法律では労働時間について以下のように定められております。

  • 原則として1日に8時間、1週間に40時間を超えて労働させてはいけません。
  • 労働時間が6時間を超える場合は45分以上、8時間を超える場合は1時間以上の休憩を当てないといけません
  • 少なくとも毎週1日の休日か、4週間を通じて4日以上の休日を与えなければなりません。

と労働時間と休憩時間、休日の回数など具体的に労働基準法のなかで定められております。
ですが時間外労働・休日労働協定を締結し、労働基準監督署長に届け出ることで、法定時間を超える時間外労働、休日労働を労働基準法36条で認めております。

認められてはいるのですが、36条は無制限に労働時間の増加を認めるモノではなく、必要最小下にとどめられるべきものであるという事を十分に雇用者と雇用される側が意識する必要があります。

また時間外労働には割増賃金の支払いが必要となります。時間外労働の割増賃金の割増率は2割5分以上。一月あたり60時間を超える場合は5割以上。休日労働には3割5分以上の割増賃金の支払いが必要になります。

この労働時間の管理は1つの事業所内での労働時間ではなく、従業員の労働時間を示したものになります。
では1人の従業員が異なる2つの職場で働いた場合、割増料賃金はどのタイミングで発生するのか、どちらの職場に割増賃金を支払う義務を生じるのか。
労働基準法38条の中に「労働時間は、事業場を異にする場合においても、労働時間に関する規定の適用においては通算する」と定められています。
ですので、1つの事業場では労働基準に定められた労働時間を超えていなくても、他の事業場で超えてしまった場合、労働時間超過、そして時間外労働の割増賃金を支払う義務が生じます。
この場合、割増賃金の支払い義務が生じるのは、行政解釈では「法廷時間外に使用した事業主」にありますので、例えば、A店で6時間働いた後B店で3時間働いた場合、法定時間を超えて働かせたのはB店でありB店に1時間分の時間外労働分の割増賃金を支払う義務が生じます。
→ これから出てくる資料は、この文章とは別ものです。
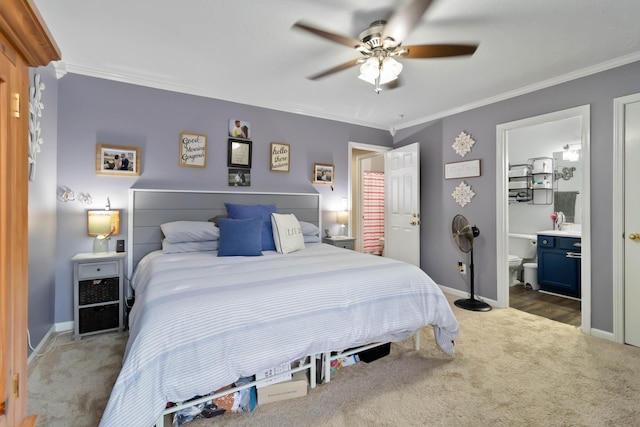 carpeted bedroom featuring ornamental molding, baseboards, a ceiling fan, and connected bathroom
この解釈ですと、実際の労働時間は関係なく1日のうち後の時間に雇用した事業者に支払い義務が生じるやや不合理に感じる内容になっています。
また1日単位ではどちらか1店舗でしか働いていなくても同一週に複数店舗で働いており一週間の法定労働時間40時間を超えた場合も、同様の考え方で割増賃金が必要になります。

変形労働制とは

1日、1週間の中で働ける時間に制限を設けると、長期の休みがある業界や、繁盛記と閑散期のある業界では月や週ごとに労働時間にばらつきが生じてしまします。こういった問題を解決するのが変形労働時間制となります。

変形労働制とは1ヶ月以内の一定期間を平均し、1週間あたりの労働時間を超えない範囲内において、特定の日、もしくは週に法定労働時間を超えて労働させることが出来る制度のことを言います。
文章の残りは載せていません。